THE INPUT.

- Opening Delimiter -

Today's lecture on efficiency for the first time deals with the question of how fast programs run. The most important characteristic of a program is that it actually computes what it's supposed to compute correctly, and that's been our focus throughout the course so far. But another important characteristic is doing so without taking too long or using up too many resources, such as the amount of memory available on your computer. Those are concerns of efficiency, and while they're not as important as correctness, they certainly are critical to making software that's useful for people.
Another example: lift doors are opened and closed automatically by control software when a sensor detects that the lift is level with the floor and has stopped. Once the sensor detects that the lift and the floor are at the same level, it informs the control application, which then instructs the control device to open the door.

- Closing Delimiter -
- Opening Delimiter -

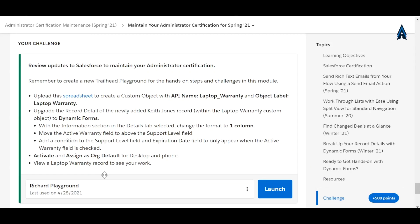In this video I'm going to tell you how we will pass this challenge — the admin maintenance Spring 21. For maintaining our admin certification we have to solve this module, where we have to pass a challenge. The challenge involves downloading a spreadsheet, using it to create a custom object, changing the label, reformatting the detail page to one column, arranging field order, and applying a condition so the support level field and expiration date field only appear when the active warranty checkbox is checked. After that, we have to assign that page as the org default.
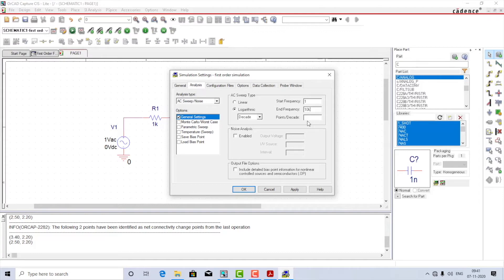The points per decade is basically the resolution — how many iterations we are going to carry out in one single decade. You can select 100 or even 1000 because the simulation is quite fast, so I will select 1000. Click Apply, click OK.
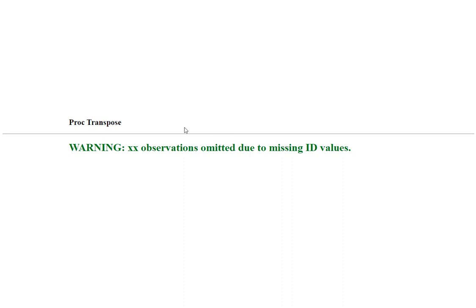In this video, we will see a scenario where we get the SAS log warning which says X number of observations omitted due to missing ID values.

- Closing Delimiter -
- Opening Delimiter -

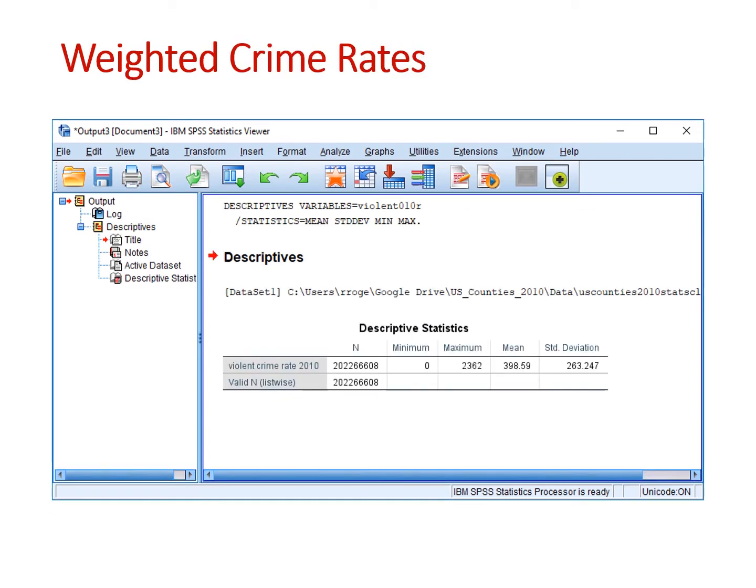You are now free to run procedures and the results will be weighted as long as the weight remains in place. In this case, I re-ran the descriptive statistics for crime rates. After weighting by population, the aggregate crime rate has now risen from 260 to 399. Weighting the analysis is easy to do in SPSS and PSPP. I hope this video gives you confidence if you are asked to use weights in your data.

- Closing Delimiter -

ABOUT THIS EXERCISE. Begin at the line in the entries above that has "In this video I'm", stop after the line that has "In this video, we", and output exactly those lines without pictures.

SOLVED PROBLEM.
In this video I'm going to tell you how we will pass this challenge — the admin maintenance Spring 21. For maintaining our admin certification we have to solve this module, where we have to pass a challenge. The challenge involves downloading a spreadsheet, using it to create a custom object, changing the label, reformatting the detail page to one column, arranging field order, and applying a condition so the support level field and expiration date field only appear when the active warranty checkbox is checked. After that, we have to assign that page as the org default.
The points per decade is basically the resolution — how many iterations we are going to carry out in one single decade. You can select 100 or even 1000 because the simulation is quite fast, so I will select 1000. Click Apply, click OK.
In this video, we will see a scenario where we get the SAS log warning which says X number of observations omitted due to missing ID values.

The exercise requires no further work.